La scuola, infatti, deve garantire che i ragazzi non perdano la connessione tra corpo e mente, valorizzando la dimensione fisica del fare, intesa come processo creativo che intreccia aspetti cognitivi e motori nell’apprendimento. Ed è proprio in questa direzione che i nuovi strumenti digitali possono offrire opportunità preziose per una educazione innovativa e più inclusiva.
Eppure, esiste ancora una contrapposizione: c’è chi considera la tecnologia un ostacolo alla scuola tradizionale e chi, al contrario, propone modelli didattici completamente digitalizzati. Questa dicotomia nasce spesso da paure e semplificazioni: da un lato si teme che il digitale impoverisca le competenze fondamentali, dall’altro si pensa che basti introdurre tablet o software per rendere automaticamente innovativa la didattica.
In entrambi i casi, si rischia di trascurare la vera essenza dell’educazione: la costruzione condivisa della conoscenza, che nasce dalle relazioni – tra persone, idee, processi cognitivi e contesti culturali – e si arricchisce degli strumenti di mediazione che ne potenziano il valore. Che si tratti di libri o applicazioni, ciò che davvero conta sono le connessioni che si creano all’interno di una didattica orientata non alla semplice trasmissione di nozioni, ma a un percorso creativo, collaborativo e inclusivo.
La scuola digitale, quindi, non deve essere vista come un nemico della tradizione. Al contrario, può diventare un alleato prezioso perché:
sviluppa competenze chiave per il futuro;
favorisce l’inclusione scolastica di studenti con bisogni educativi speciali;
stimola la motivazione grazie a metodologie innovative come la gamification e il game-based learning.
Al tempo stesso, un uso eccessivo o non guidato degli strumenti digitali può portare a isolamento, distrazione e dipendenza, se non radicato in un contesto di esperienze reali e condivise.
La vera questione non è quindi “scegliere”, ma trovare un equilibrio tra tradizione e tecnologia.
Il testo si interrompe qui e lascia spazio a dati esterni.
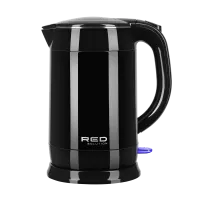 Чайник RED SOLUTION RK-M158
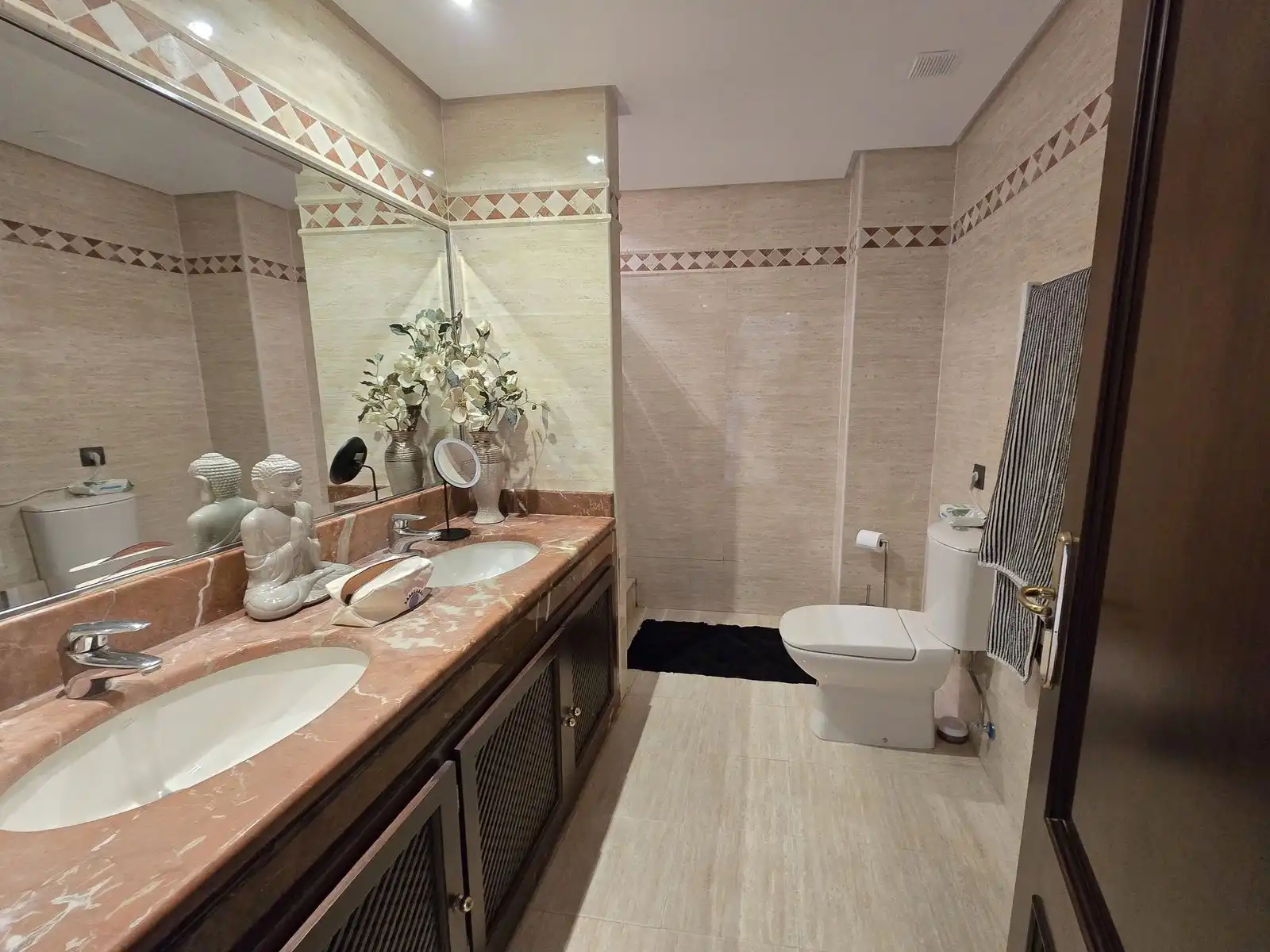 property_gallery_img_67727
Questo significa proporre esperienze didattiche phygital in cui analogico e digitale si completano, ad esempio:
un laboratorio scientifico in cui gli studenti sperimentano concretamente e poi registrano dati e osservazioni con strumenti digitali;
un progetto di storytelling in cui i bambini disegnano personaggi su carta e li animano con applicazioni educative;
un lavoro di gruppo in cui la discussione in classe si intreccia con l’uso di lavagne digitali per approfondimenti o presentazioni.
Queste pratiche dimostrano che il digitale può potenziare il fare e il condividere, senza sostituirsi alla relazione educativa. In questo modo la scuola diventa un vero ambiente phygital : uno spazio in cui si impara a muoversi tra esperienze reali e strumenti tecnologici con consapevolezza, creatività e senso critico.
Risolta la contrapposizione tra tradizionale e digitale, la vera sfida sarà sviluppare percorsi didattici mirati e ibridi, capaci di fondere in maniera armonica queste due dimensioni. L’obiettivo è dare vita a una didattica nuova, più inclusiva e aderente alla realtà dei nostri tempi, in cui la sperimentazione sia al centro e gli insegnanti tornino a essere protagonisti attivi: chiamati a contribuire con la propria esperienza diretta alla ricerca educativa, ad accogliere con apertura la formazione continua e a partecipare a tavoli di confronto con realtà affini, per una crescita condivisa.